Reducing levels of carbon emissions has to be more than just an opinion. Society will literally choke in a fog of chat if nothing is done by individuals. While it is true that large corporations need to do a lot of the heavy lifting, it is at the local micro – level where a lot of positive steps can be made to reduce the size of the carbon footprint we leave behind. It does take a commitment to making positive movement forward. The question then remains what type of step and how big it ought to be.

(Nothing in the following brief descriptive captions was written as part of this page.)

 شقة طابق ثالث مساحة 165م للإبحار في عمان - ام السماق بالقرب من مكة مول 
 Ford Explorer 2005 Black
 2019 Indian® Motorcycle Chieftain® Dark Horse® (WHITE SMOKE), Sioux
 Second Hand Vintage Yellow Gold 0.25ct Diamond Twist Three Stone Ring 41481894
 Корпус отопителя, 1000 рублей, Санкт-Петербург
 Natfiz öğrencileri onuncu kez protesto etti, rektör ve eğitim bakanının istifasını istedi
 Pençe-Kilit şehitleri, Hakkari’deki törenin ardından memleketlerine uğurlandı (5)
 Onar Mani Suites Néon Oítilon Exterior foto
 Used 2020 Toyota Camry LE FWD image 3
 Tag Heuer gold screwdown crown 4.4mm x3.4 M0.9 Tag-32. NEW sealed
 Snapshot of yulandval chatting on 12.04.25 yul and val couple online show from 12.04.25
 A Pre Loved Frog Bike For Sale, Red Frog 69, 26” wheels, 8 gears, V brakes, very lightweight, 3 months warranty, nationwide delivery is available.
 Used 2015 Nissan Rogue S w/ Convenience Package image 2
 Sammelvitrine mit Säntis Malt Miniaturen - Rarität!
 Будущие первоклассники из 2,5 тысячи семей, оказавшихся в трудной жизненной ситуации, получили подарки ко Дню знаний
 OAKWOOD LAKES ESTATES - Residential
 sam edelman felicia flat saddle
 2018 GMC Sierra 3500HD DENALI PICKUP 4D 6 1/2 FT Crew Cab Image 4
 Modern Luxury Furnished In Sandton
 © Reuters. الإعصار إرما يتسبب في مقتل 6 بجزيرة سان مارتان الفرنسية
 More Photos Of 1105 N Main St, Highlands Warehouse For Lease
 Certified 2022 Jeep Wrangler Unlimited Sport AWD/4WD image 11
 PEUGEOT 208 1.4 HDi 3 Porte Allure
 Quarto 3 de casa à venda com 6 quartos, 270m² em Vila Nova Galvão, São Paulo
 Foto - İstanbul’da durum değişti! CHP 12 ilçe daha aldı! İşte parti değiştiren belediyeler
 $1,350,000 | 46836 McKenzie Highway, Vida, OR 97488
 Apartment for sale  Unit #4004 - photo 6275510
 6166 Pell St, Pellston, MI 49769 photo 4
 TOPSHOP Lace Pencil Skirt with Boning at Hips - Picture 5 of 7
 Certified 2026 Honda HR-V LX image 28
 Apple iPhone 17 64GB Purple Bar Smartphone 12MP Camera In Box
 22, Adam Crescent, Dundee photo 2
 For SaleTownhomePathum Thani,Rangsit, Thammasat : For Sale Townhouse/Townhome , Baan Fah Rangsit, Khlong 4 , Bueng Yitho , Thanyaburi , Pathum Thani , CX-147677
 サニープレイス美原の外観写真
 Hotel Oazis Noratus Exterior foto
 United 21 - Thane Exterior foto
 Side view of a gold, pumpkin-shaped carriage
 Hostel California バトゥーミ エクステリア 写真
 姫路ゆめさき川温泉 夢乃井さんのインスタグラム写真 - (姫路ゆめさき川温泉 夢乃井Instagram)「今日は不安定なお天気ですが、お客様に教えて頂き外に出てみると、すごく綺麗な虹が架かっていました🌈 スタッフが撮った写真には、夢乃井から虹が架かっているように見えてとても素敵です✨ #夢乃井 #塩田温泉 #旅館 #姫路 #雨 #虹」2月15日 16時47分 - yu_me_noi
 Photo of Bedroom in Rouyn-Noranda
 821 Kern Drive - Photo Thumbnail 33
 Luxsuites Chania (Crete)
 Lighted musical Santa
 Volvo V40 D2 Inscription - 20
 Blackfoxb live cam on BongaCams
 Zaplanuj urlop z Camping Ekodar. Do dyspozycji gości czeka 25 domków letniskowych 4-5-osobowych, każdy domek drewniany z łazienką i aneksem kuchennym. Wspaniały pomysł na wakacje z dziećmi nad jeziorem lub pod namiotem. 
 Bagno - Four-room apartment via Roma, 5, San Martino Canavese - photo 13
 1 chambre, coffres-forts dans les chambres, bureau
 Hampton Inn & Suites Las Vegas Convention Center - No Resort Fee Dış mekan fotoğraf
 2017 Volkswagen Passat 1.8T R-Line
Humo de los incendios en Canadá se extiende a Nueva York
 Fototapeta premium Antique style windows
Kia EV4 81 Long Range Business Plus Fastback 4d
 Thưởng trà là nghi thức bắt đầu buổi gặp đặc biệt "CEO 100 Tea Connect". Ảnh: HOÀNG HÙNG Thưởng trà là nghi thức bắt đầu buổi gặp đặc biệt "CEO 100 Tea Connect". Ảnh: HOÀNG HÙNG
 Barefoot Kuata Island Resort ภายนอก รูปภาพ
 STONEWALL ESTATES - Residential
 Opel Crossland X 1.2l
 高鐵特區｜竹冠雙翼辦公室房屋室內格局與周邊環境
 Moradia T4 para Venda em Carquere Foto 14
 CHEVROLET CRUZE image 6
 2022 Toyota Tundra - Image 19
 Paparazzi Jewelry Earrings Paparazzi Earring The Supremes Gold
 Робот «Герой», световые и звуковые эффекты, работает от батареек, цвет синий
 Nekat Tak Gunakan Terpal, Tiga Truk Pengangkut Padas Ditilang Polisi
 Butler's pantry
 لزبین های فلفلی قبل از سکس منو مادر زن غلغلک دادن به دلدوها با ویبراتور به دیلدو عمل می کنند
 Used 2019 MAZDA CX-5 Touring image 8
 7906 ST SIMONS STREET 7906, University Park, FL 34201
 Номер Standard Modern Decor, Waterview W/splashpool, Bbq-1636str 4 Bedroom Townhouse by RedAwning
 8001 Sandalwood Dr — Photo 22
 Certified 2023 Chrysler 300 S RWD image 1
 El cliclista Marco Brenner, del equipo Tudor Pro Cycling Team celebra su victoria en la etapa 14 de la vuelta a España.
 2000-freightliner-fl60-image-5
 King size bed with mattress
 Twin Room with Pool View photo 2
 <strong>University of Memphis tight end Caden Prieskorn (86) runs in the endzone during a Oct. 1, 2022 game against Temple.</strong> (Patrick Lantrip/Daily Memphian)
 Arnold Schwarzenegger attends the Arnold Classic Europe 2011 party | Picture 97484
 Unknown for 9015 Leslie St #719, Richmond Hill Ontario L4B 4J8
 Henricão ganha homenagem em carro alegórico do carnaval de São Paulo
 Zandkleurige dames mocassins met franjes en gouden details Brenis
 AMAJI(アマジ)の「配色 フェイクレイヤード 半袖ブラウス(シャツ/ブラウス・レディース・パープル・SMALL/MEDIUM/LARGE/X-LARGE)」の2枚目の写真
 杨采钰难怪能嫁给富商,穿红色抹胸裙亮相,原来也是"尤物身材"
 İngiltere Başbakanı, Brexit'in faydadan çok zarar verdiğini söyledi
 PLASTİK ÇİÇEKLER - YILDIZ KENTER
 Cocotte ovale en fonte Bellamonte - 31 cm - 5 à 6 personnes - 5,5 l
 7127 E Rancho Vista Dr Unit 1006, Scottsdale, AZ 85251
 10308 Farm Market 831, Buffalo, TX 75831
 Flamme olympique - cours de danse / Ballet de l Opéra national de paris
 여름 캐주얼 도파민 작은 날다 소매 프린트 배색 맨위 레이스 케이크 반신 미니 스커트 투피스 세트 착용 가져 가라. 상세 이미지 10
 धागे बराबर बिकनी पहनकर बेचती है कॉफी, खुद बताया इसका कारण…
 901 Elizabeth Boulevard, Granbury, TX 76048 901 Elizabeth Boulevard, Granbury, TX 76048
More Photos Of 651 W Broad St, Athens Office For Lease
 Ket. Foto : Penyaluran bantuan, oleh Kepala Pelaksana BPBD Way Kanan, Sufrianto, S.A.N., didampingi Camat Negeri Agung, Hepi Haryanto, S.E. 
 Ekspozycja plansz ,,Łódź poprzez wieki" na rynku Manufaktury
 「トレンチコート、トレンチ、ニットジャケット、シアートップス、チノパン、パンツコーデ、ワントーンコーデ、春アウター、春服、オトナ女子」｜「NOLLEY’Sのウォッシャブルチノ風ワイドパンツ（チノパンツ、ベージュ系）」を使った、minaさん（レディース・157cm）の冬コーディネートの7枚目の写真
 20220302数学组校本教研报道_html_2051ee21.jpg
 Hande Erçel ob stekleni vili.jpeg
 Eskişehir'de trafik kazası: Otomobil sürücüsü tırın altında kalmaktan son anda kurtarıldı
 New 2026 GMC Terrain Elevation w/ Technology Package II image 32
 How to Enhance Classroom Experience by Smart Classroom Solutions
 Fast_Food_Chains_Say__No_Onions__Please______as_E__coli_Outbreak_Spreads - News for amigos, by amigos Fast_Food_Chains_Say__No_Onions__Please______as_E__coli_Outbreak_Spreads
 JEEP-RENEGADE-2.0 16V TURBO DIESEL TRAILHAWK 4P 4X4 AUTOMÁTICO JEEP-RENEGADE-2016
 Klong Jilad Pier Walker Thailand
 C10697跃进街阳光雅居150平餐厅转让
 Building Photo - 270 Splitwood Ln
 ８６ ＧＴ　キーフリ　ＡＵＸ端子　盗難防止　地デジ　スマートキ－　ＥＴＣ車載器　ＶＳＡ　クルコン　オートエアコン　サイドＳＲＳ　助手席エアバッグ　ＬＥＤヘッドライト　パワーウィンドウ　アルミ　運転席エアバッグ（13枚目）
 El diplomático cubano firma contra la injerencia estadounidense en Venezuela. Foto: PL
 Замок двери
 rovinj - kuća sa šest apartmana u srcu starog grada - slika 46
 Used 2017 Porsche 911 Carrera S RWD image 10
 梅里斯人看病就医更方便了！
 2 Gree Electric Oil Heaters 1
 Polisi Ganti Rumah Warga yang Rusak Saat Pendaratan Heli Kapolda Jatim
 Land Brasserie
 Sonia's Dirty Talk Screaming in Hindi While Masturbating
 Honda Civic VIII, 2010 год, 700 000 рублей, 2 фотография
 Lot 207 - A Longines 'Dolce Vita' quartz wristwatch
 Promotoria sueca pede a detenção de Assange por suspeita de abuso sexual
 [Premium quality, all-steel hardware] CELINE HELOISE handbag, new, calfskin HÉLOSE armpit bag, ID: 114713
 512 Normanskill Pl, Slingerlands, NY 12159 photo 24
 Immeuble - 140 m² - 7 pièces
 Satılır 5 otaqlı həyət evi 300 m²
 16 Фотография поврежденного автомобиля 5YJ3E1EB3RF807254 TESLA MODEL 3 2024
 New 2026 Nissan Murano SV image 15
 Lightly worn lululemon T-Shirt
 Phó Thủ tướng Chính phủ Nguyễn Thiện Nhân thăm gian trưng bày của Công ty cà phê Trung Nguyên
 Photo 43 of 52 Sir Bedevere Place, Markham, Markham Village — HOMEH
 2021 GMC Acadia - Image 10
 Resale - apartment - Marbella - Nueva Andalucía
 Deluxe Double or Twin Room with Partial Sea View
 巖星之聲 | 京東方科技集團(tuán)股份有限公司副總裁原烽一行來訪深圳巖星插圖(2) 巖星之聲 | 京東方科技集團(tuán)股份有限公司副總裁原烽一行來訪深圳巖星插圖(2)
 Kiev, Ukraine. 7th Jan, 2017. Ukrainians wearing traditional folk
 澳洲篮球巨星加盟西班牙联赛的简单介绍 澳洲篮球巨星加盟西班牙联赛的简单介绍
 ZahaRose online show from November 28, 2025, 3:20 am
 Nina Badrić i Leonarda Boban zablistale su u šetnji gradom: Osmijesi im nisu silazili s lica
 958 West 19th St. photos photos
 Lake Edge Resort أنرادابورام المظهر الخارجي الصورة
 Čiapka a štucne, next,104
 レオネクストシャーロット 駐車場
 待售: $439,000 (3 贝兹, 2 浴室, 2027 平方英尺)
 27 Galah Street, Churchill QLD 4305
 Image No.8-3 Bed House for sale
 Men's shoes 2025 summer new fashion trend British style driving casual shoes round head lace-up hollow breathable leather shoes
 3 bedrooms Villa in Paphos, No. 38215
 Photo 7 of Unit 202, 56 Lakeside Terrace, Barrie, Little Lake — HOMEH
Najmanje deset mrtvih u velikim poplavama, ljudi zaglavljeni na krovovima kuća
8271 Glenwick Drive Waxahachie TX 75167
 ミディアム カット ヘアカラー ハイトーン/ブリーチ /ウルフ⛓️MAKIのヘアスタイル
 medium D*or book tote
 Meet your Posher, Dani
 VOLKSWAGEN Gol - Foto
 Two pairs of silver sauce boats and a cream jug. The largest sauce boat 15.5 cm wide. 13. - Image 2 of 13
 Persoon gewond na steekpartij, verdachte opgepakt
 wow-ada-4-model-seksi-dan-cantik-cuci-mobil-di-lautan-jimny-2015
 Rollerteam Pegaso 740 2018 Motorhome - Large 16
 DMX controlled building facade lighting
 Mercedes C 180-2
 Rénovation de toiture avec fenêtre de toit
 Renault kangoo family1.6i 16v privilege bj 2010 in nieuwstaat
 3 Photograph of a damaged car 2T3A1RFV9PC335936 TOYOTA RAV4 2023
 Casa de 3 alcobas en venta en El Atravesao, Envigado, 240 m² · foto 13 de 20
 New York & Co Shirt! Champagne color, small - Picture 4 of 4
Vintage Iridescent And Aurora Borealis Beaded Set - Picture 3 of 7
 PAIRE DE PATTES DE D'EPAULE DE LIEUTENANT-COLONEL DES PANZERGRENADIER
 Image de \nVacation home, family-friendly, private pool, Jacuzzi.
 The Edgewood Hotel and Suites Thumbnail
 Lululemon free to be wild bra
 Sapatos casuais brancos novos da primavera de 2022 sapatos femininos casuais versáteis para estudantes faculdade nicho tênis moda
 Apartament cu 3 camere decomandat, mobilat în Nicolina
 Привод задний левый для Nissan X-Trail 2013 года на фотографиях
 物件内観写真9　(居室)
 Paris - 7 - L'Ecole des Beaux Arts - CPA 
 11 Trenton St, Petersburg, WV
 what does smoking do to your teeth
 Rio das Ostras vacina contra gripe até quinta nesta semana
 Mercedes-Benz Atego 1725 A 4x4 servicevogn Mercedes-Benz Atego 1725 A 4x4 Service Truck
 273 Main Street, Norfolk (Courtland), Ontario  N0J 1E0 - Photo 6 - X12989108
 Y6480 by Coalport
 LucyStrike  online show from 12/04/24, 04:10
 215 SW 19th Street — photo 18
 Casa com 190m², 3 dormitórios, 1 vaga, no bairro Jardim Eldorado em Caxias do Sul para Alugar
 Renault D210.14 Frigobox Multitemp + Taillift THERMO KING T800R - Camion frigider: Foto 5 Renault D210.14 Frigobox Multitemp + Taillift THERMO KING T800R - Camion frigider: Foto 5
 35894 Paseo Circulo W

The good news is that the first actions do not have to be major ones to make a sizable difference. The beginning effort is not much more than well-organized house maintenance with energy reduction in mind. A homeowner can use a benchmark of reducing the number of kilowatt hours of electricity expended by a given percentage (e.g. 10 to 20 percent annually), and work to meet that goal. Air filters ought to be changed on a quarterly basis and all heating ducts should also be kept clean. In reducing energy consumption, thermostats are a very valuable tool. A programmable thermostat can monitor the amount of heat in a room, and if any space is not used regularly simply closing the heating vents in the area will reduce consumption. Space heaters and installed heating pads can also cut down on the wasted energy in rooms not always in use.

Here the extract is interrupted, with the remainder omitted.